Zofoman, how are your medical supplies? Have ample quantities of Iodine, bandages, and over the counter treatments, especially for eyes, ears and teeth? Splints for broken bones. Been to a vet pharmacy and picked up sulfa drugs and fungus based anti-biotics. Forget Penicillin, Tetracyclines and other abused antibiotics. Has everyone in your family had their appendix removed? Surgical supplies OK? Are you prepared to remove an appendix or pull a tooth, splint a fracture or surgically close a compound fracture and setting that bone after restoring an aseptic environment around area.
shooter, packing seeds are a good idea. If the SHTF today, one would have to survive on stored food until the first crops come in after the spring planting. Starting indoors or in a green house would give you an extra month or two on the spring harvest, but at the earliest one could expect no self-produced food until late April or early May, depending on when the last freeze is. To avoid that and have food production the year around allow me to recommend something like
this, which cultivates only 800 sq feet.
Charles prefers the term “high tunnel” to greenhouse because, she explains, her 20- by 40-foot enclosure is not externally heated. Instead, it is heated in winter and cooled in summer by air that travels through a series of underground tubes, part of a subterranean heating/cooling system.
Now completing her fifth winter growing season, Charles supplies fresh greens all year long to her own family, 20 to 25 regular customers and to the Food Co-op and Food Bank when supplies are plentiful enough. She grows 10 types of lettuce, three varieties of arugula, five kinds of Asian greens and four herbs. By trial and error, she has discovered that during the cold months, seeds get a better start under powerful fluorescent lights in the basement of her home. Every couple of weeks she plants 80 or so seeds that she’ll transplant into her high tunnel after they’ve gotten a good start.

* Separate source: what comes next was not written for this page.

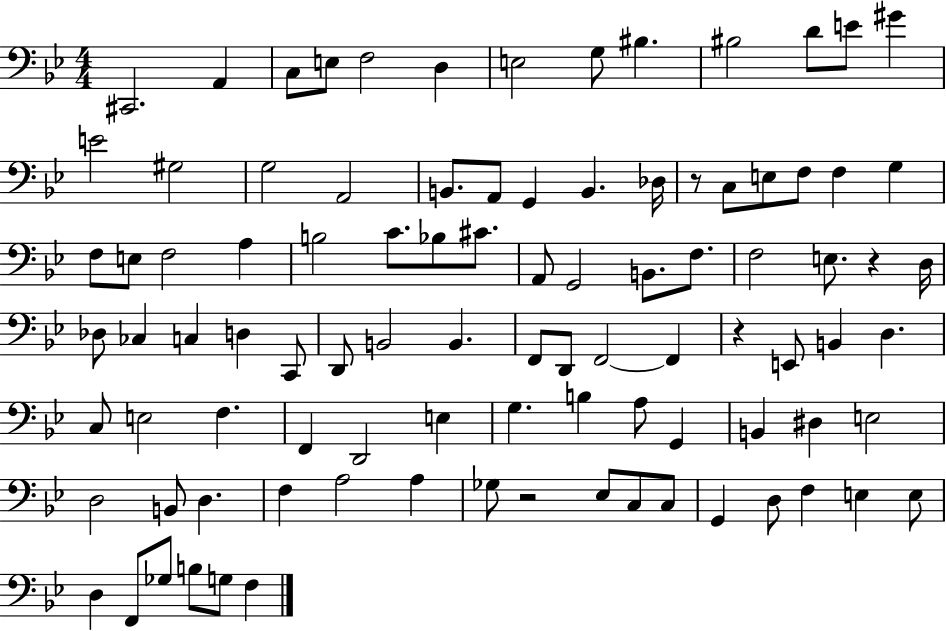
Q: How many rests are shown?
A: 4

For that you'll need a compost pile of a good size to recycle. Also, growing worms wouldn't be a bad idea to create fertilizer. Lot's of helpful ideas, and free plans, are
here.In a SHTF scenario a LOT of people are going to be deparately roaming the landscape looking for game to shoot or catch so they can eat and live. Most will be completely unskilled at hunting and will litter the landscape with dead animals which crept away to die after being hit in a non-vital area. Lakes and streams will quickly be seined out of fish. Many species of birds will be added to the Carrier Pigeon, perhaps even sparrows. Not only squirrels but even rats and mice will be hunted to near extinction. As the wanders run out of ammo and game they'll start eating grasses, leaves and other things to stave off starvation. Not many of them will think to dig up worms, grubs or hunt for insects, most of which are 70% protein, or if they do, the idea will repel them, even as they starve. Many will consider cannibalism and some will do it.
Sooner or later you will be running low on ammo, especially if your bug-out spot is constantly being attacked. You two major problems will be Lead, primer and powder, and you may be forced to use Copper in place of Lead. Powder will have to be made by collecting Urine and processing it to form Nitrates. From it you can make black powder, but you'll need a weapon designed to shoot black powder. Making gun cotton would require sulfuric and nitric acid, which will be more difficult to make, but making primers would be even harder. So, your bug-out kit should contain a balance and chemical glassware, hotplates, a fractional distillation column, thermometers, etc... If sustaining firearms fails you then you can always rely on a crossbow and bolts. Having a slingshot handy for small game would be nice. Is a good bow and several dozen arrows in your bug-out kit?
If you decide to revert to the late 1880's life style then you'll need some horses.
VERY few preppers have thought this all the way through to the ten year post-SHTF mark.